Often, the literary dud comes at or near the start of an author's career. For instance, Jack London's A Daughter of the Snows (1902) deserves kudos for starring a strong female character, but it's an awkward novel with stilted dialogue. Maybe London had to write it to get the hang of that fiction-book thing, because he quickly penned the amazing dog adventure The Call of the Wild (1903) and the superb nautical thriller The Sea-Wolf (1904).
Then there are the book fails that come at or near the end of an author's career. One example is Willa Cather's Sapphira and the Slave Girl (1940). Cather's 11 previous novels (published between 1912 and 1935) ranged from very good (O Pioneers! and Shadows on the Rock) to sublime (My Antonia and Death Comes for the Archbishop), but Sapphira is nearly unreadable. Cather was dealing with ill-health and perhaps some depression during the last decade of her life, so that undoubtedly affected her writing.
But some renowned authors received cash for clunkers during the height of their careers. For instance, Carson McCullers wrote the exquisite The Heart Is a Lonely Hunter and the stunning Reflections in a Golden Eye before coming out with her mostly tedious The Member of the Wedding. That last book has its moments and its admirers, but all I recall is being left at the altar of boredom.
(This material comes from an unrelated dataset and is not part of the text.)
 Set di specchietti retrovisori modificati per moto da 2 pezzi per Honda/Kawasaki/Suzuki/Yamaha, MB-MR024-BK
John Steinbeck wrote books such as the masterful The Grapes of Wrath, the mesmerizing East of Eden, the delightful Tortilla Flat, and the late-career gem The Winter of Our Discontent. But he also authored the mid-career dud Burning Bright. It's an over-stylized novella about a guy upset that he can't father a child, and Steinbeck weirdly has him be a circus member in the book's first part, a farmer in the book's second part, etc., without time passing to switch professions. Maybe he's supposed to be an "everyman." Also, no Burning Bright characters talk like real human beings -- but at least they don't speak to a dad-who's-allegedly-now-a-tree like Joseph Wayne does in Steinbeck's To a God Unknown.
The dialogue almost always rings true in Stephen King's page-turning novels, but not so much in Cell. Even the plot machinery in that apocalyptic book grinds and wheezes, which is surprising for a marvelous author like King. Cell, though intermittently exciting, is one of King's very rare missteps.
Speaking of missteps, how about that supremely dopey sequel Tom Sawyer, Detective? Well, Mark Twain needed the money at the time.